▸ TASK TO CARRY OUT:
Could you repeat every line below exactly, skipping the images?

▸ INFORMATION SUPPLIED:
=-=-=-=-=

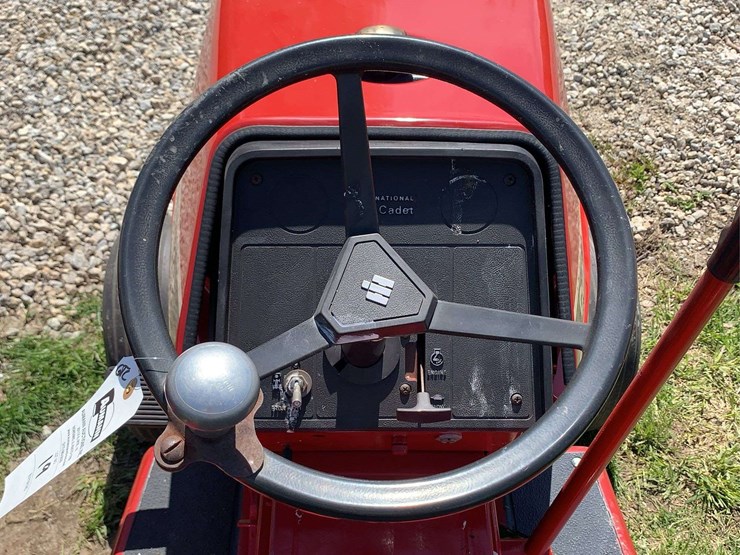 international-cub-image-13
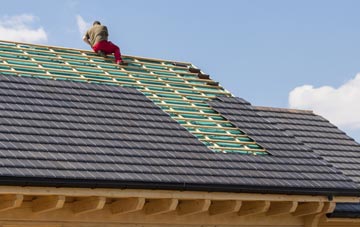 roof replacement Hinxton, Cambridgeshire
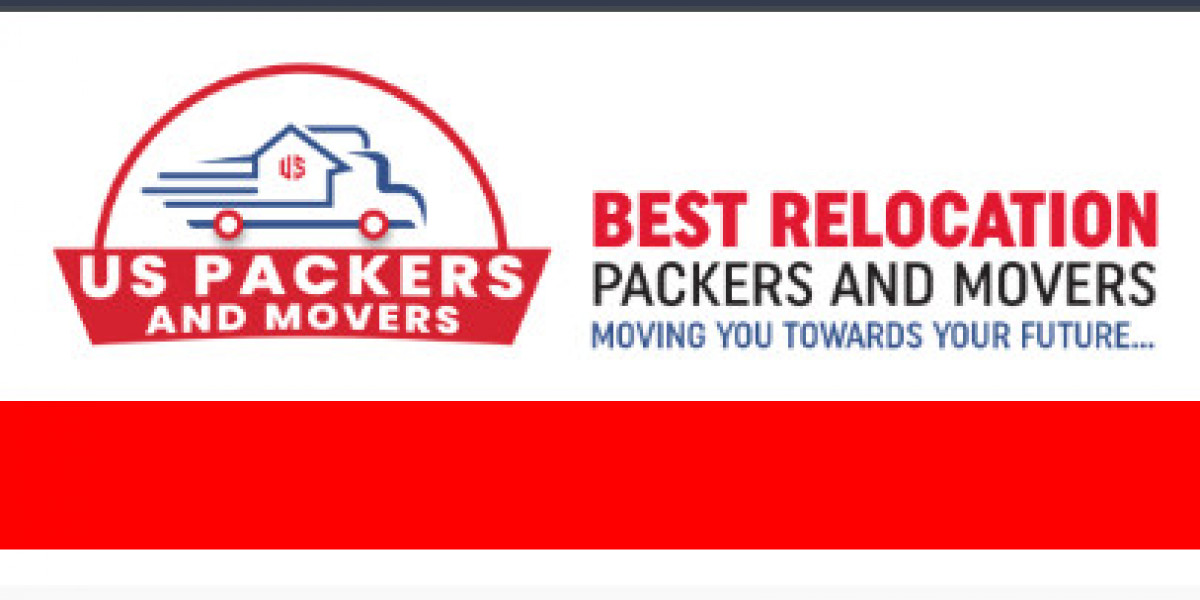 Top Packers and Movers in Lahore: Your Ultimate Moving Solution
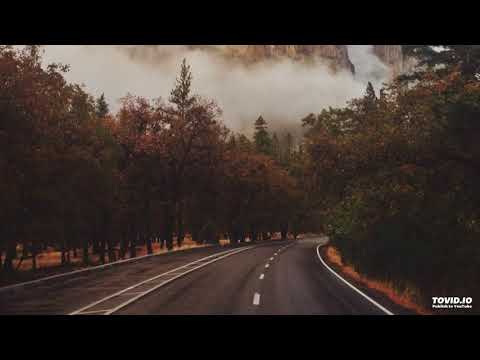 Видео: Мальбэк -Все- что мне нужно -vintage.beat Remix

=-=-=-=-=

▸ EXERCISE SOLUTION:
 international-cub-image-13
 roof replacement Hinxton, Cambridgeshire
 Top Packers and Movers in Lahore: Your Ultimate Moving Solution
 Видео: Мальбэк -Все- что мне нужно -vintage.beat Remix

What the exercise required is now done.